(Beginning of Supplied records)

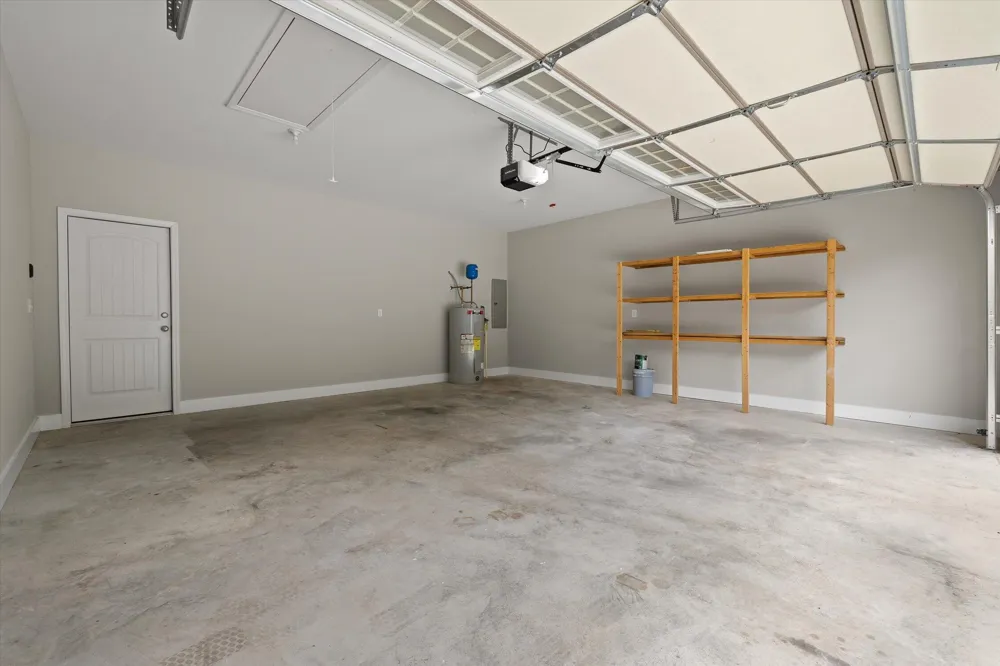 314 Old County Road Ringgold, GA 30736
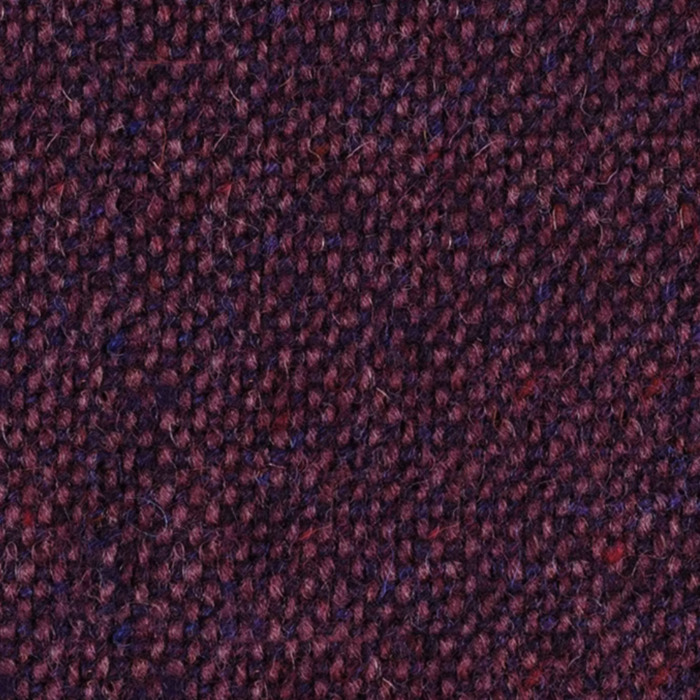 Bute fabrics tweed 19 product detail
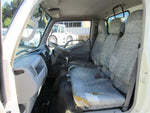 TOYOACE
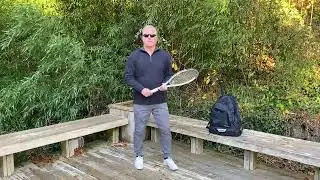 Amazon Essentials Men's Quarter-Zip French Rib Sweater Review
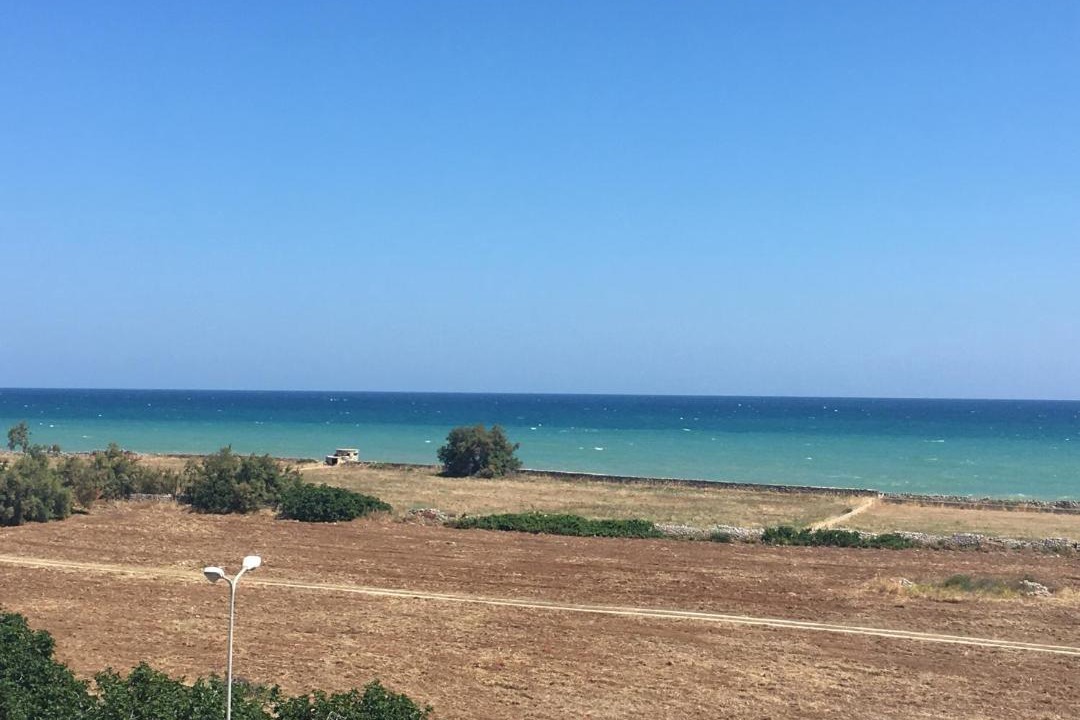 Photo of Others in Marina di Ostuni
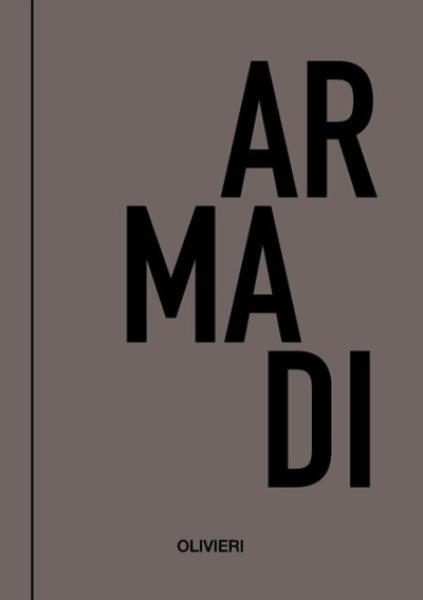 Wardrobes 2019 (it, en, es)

(End of Supplied records)

- **Goal of the exercise**
All lines from the one containing "Amazon Essentials Men's" to the last line of the data above, both included, should be printed exactly, and the pictures should not appear.

- **Expected output**
 Amazon Essentials Men's Quarter-Zip French Rib Sweater Review
 Photo of Others in Marina di Ostuni
 Wardrobes 2019 (it, en, es)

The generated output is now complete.